A Drought is an extended period where water availability falls below the statistical requirements for a region. Drought is not a purely physical phenomenon, but instead is an interplay between natural water availability and human demands for water supply.
The precise definition of drought is made complex due to political considerations, but there are generally three types of conditions that are referred to as drought.
- Meteorological drought is brought about when there is a prolonged period with below average precipitation.
- Agricultural drought is brought about when there is insufficient moisture for average crop or range production. This condition can arise, even in times of average precipitation, due to soil conditions or agricultural techniques.

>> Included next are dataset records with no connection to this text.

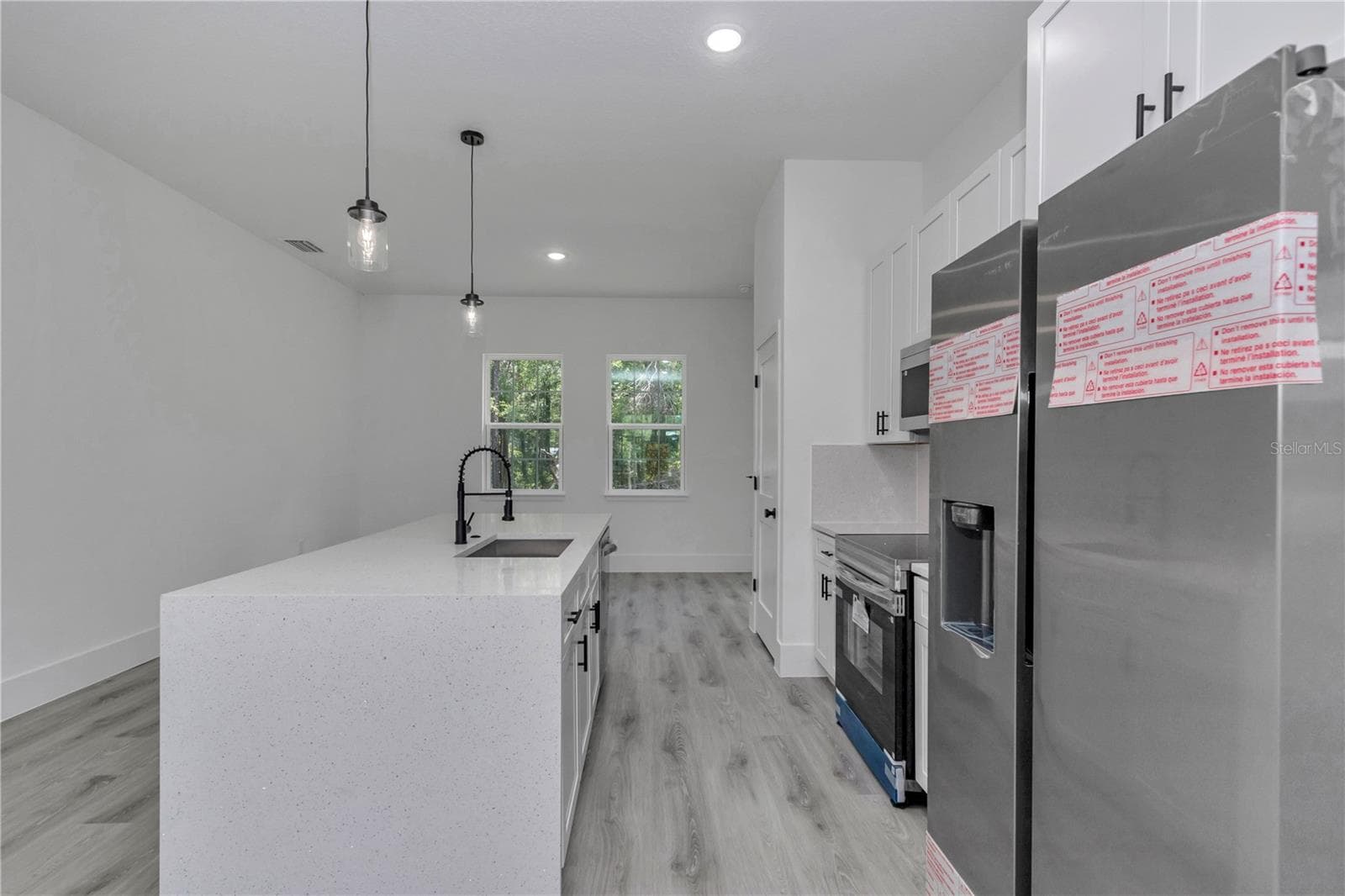 Single Family Residence at 219 E CALDWELL DR, DUNNELLON, photo 19 of 47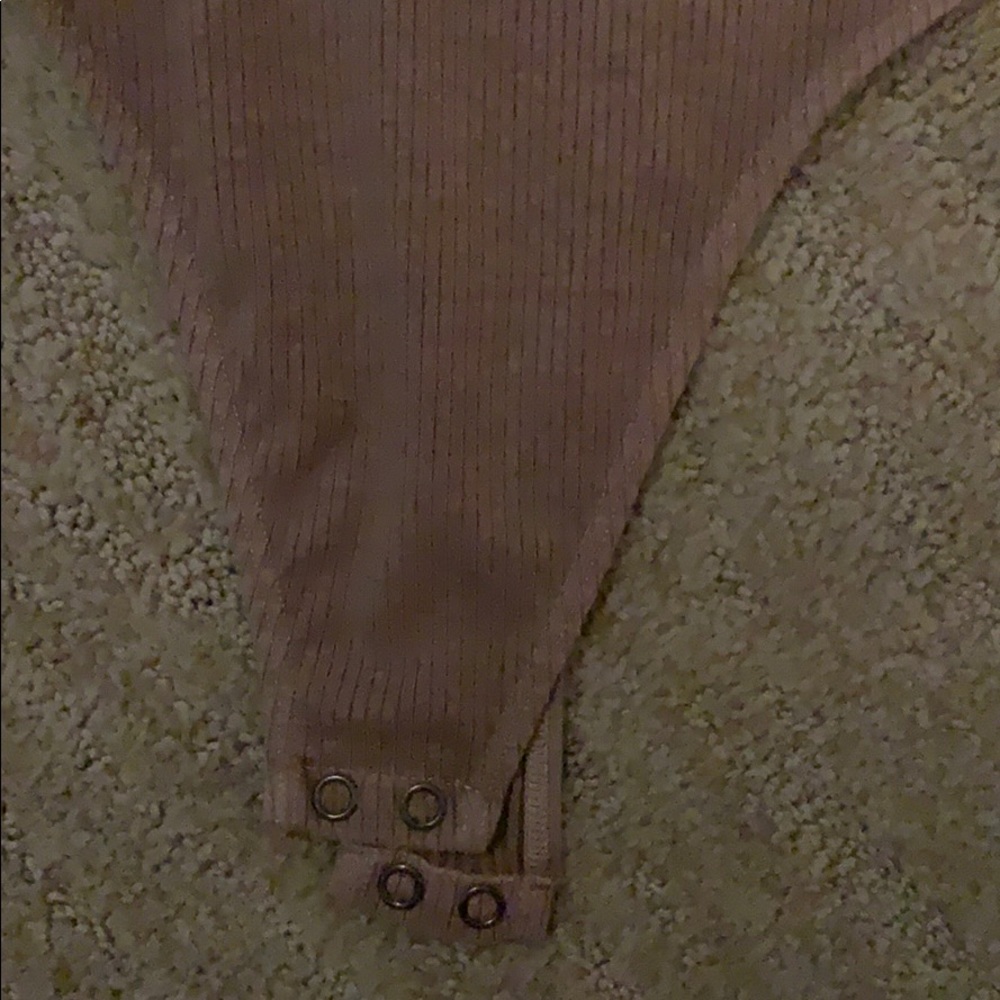 American Eagle Bodysuit - Picture 4 of 4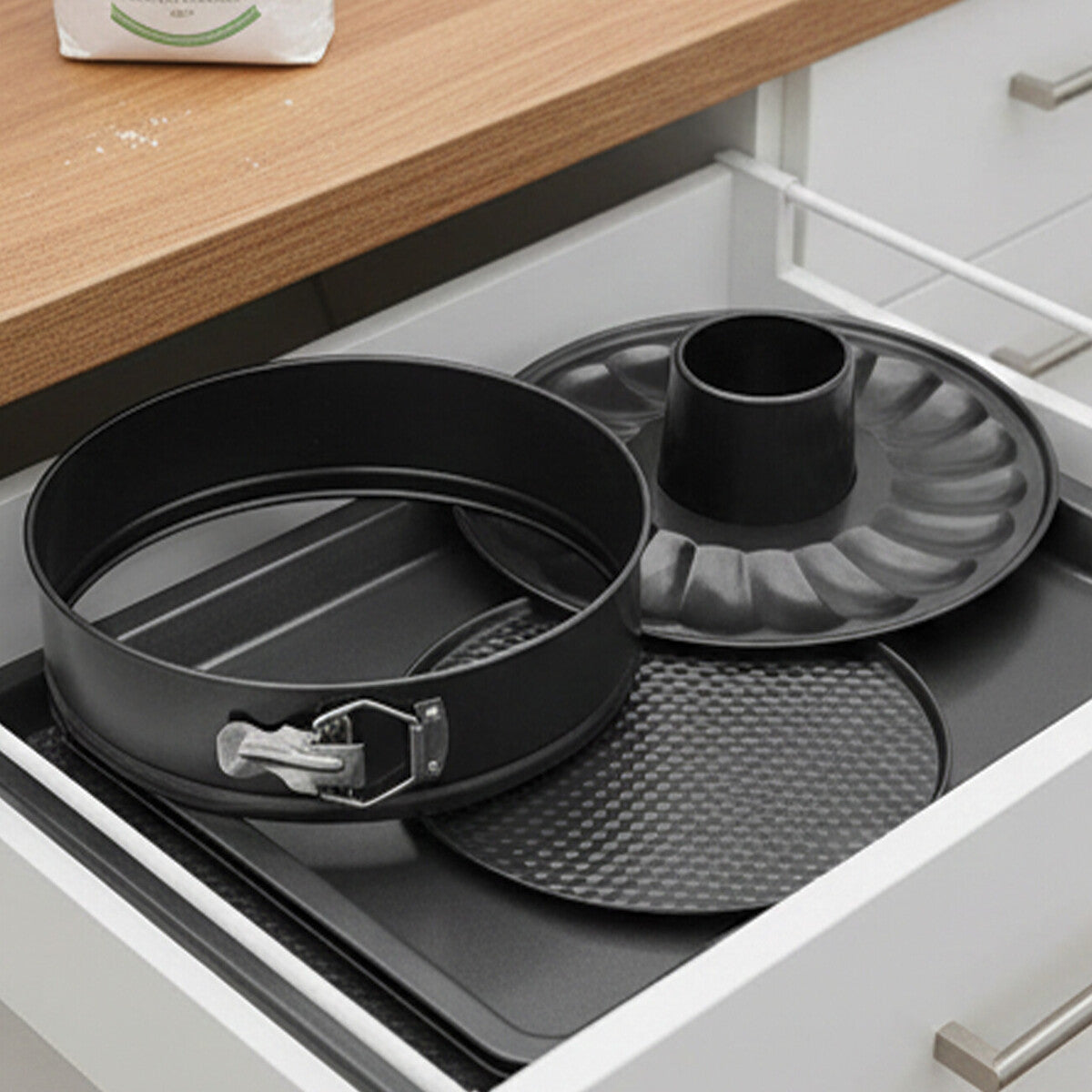 Mari Non Stick Round Cake Pan Set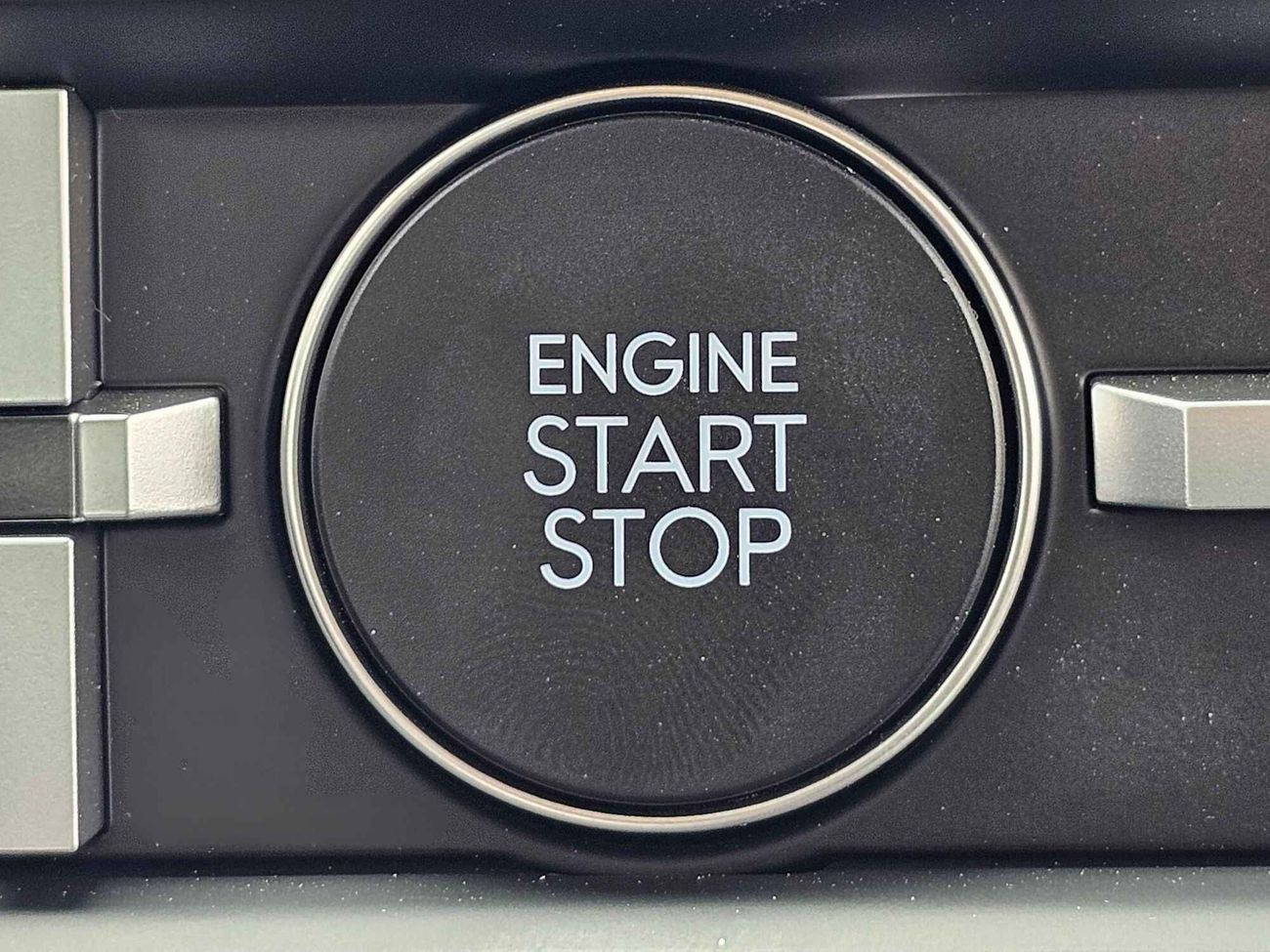 Hyundai Santa Fe LUXURY, NEW SHAPE, 2.5T, SUNROOF, "4" CAMERAS (CODE # 67973)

- Hydrologic drought is brought about when the water reserves available in sources such as aquifers, lakes, and reservoirs falls below the statistical average. This condition can arise, even in times of average (or above average) precipitation, when increased usage of water diminishes the reserves.
When the word "drought" is used commonly, the most often intended definition is meteorological drought. However, when the word is used by urban planners, it is more frequently in the sense of hydrologic drought.
Periods of drought can have significant economic and social consequences. The most famous example of this was seen in the dustbowl of the 1920s and 1930s, when entire districts of the American Great Plains were depopulated by a combination of drought and economic recession.
Drought can often be the precipitating factor that causes famine, in particular in countries without extensive economic resources.